[Provided entries Boundary: Start]
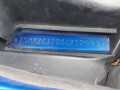 магнитола Suzuki Swift 3 поколение 2006, 1.3 л., МКПП, хетчбэк 5 дв., 3910162J10 - фото №8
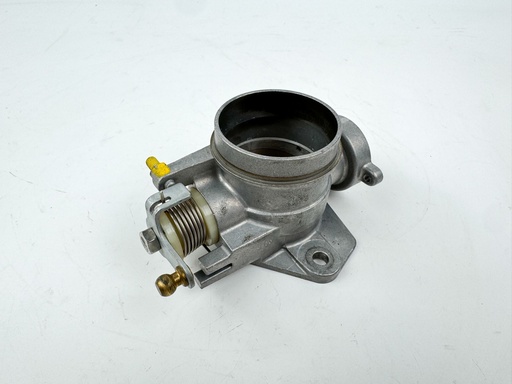 [016151] 2005 Yamaha 75 HP 4 Stroke Outboard Throttle Body Assembly {mpn} OEM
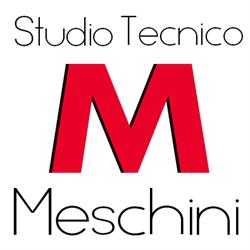 Meschini Claudio (Geom.), Monte San Giusto orari di apertura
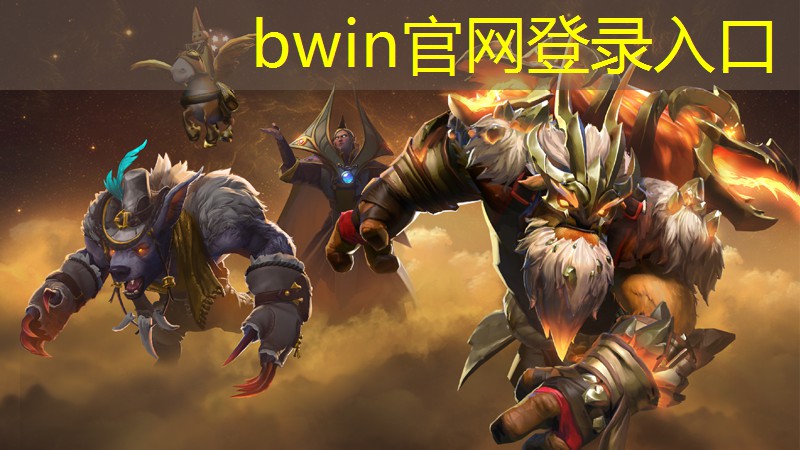 小程序游戏分类水果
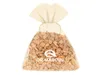 Duft Fresh Bag Holz, Silberrose Aromasäckchen Produktbild-Vorschau 2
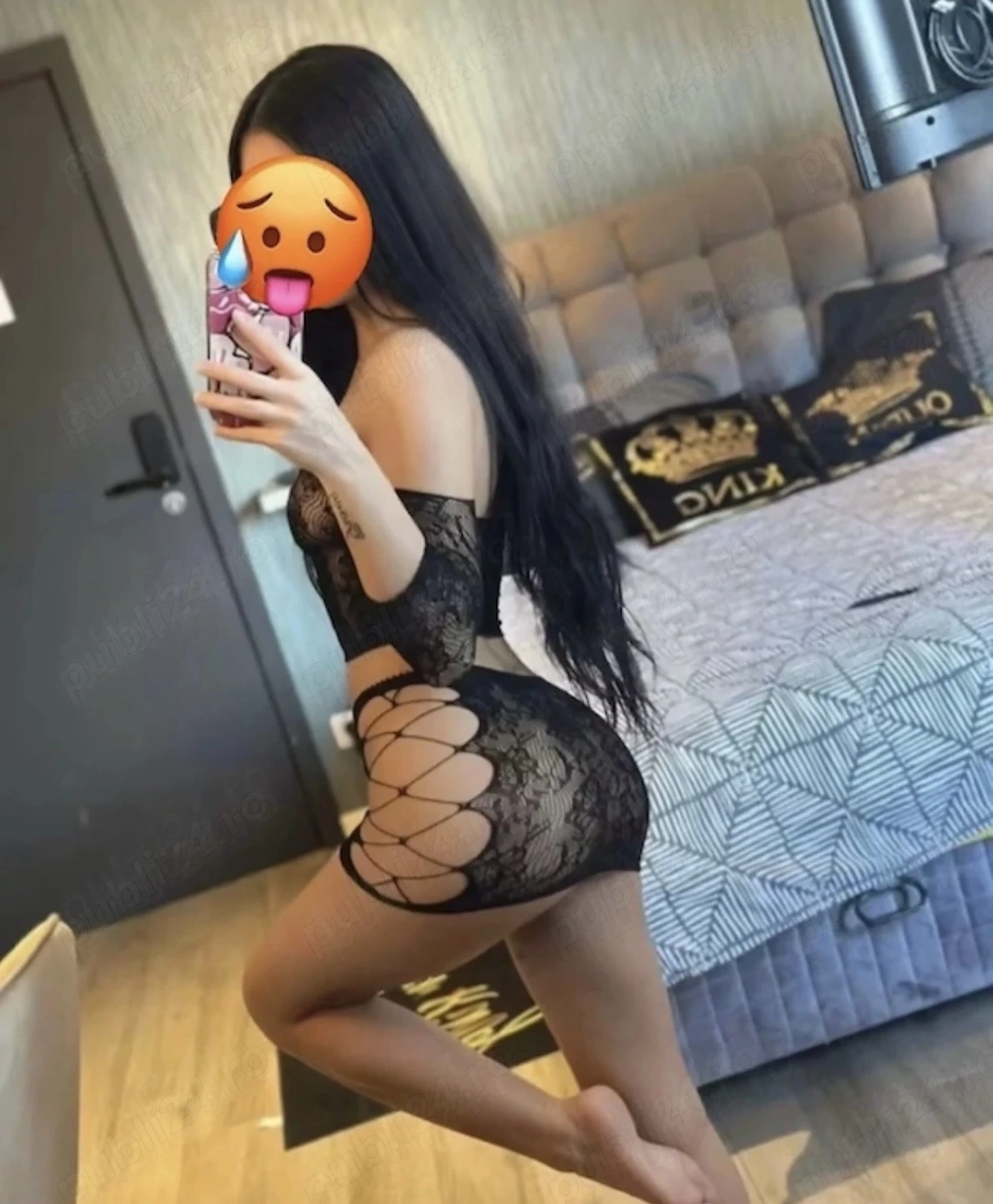 Fotografie profil escortă Escortă în Drobeta-Turnu Severin, România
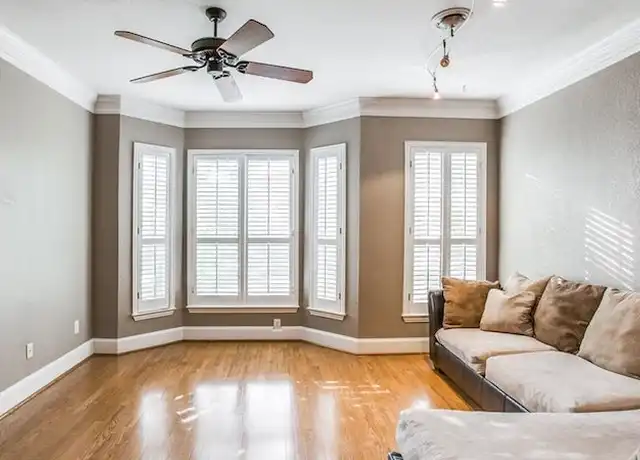 Property at 2902 State St Unit 1358, Dallas, TX, 75204, 2 beds, 2 baths, [object Object]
[Provided entries Boundary: End]
Word for word, please reproduce each entry above and leave out every picture.

 магнитола Suzuki Swift 3 поколение 2006, 1.3 л., МКПП, хетчбэк 5 дв., 3910162J10 - фото №8
 [016151] 2005 Yamaha 75 HP 4 Stroke Outboard Throttle Body Assembly {mpn} OEM
 Meschini Claudio (Geom.), Monte San Giusto orari di apertura
 小程序游戏分类水果
 Duft Fresh Bag Holz, Silberrose Aromasäckchen Produktbild-Vorschau 2
 Fotografie profil escortă Escortă în Drobeta-Turnu Severin, România
 Property at 2902 State St Unit 1358, Dallas, TX, 75204, 2 beds, 2 baths, [object Object]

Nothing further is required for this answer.